WHAT YOU ARE ASKED TO DO
Exactly as written, print every line of the listing below and omit its pictures.

-- SOURCE DATA follows --

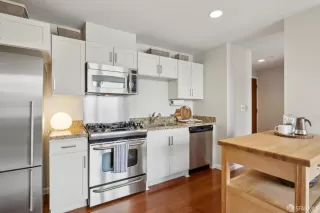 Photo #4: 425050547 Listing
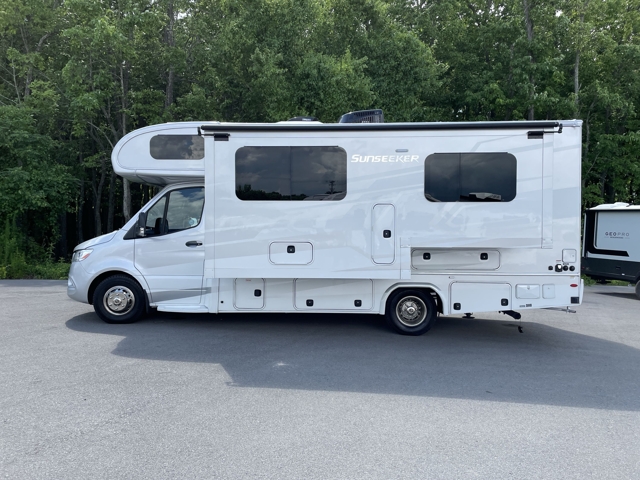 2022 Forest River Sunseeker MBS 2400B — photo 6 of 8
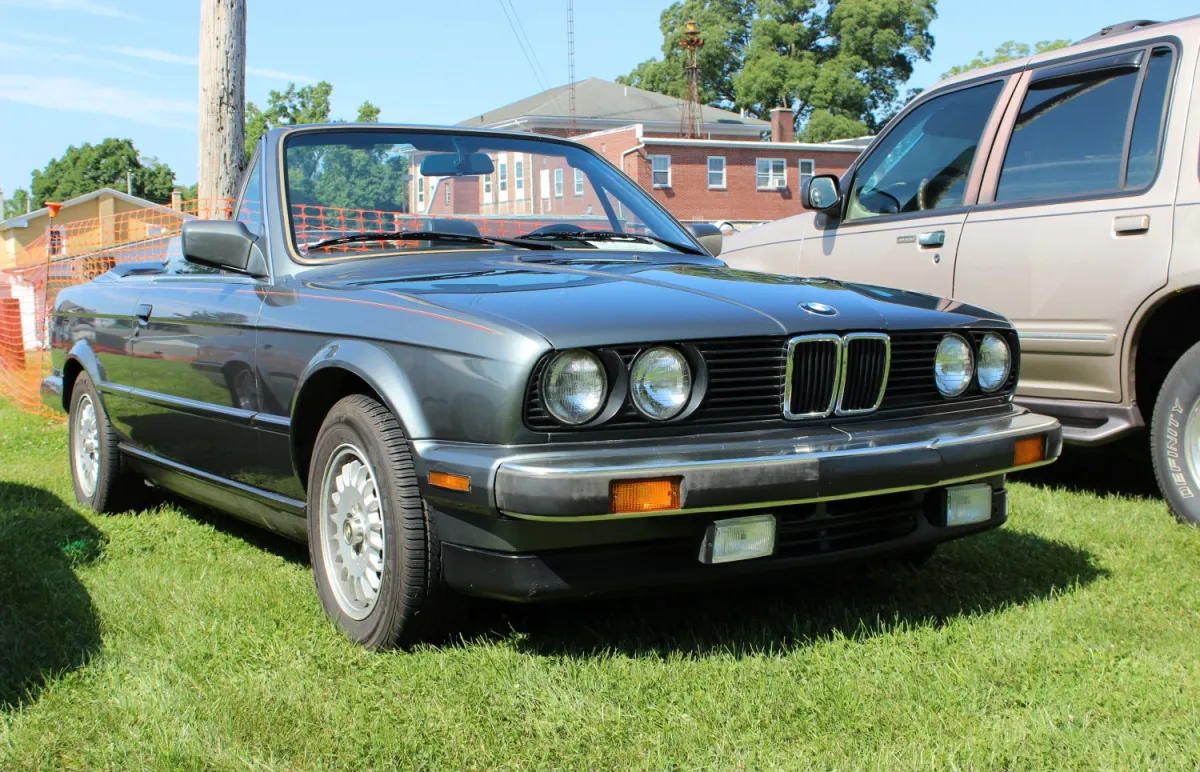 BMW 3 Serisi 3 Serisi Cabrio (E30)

-- SOURCE DATA concluded --

OUTPUT OF THE EXERCISE
 Photo #4: 425050547 Listing
 2022 Forest River Sunseeker MBS 2400B — photo 6 of 8
 BMW 3 Serisi 3 Serisi Cabrio (E30)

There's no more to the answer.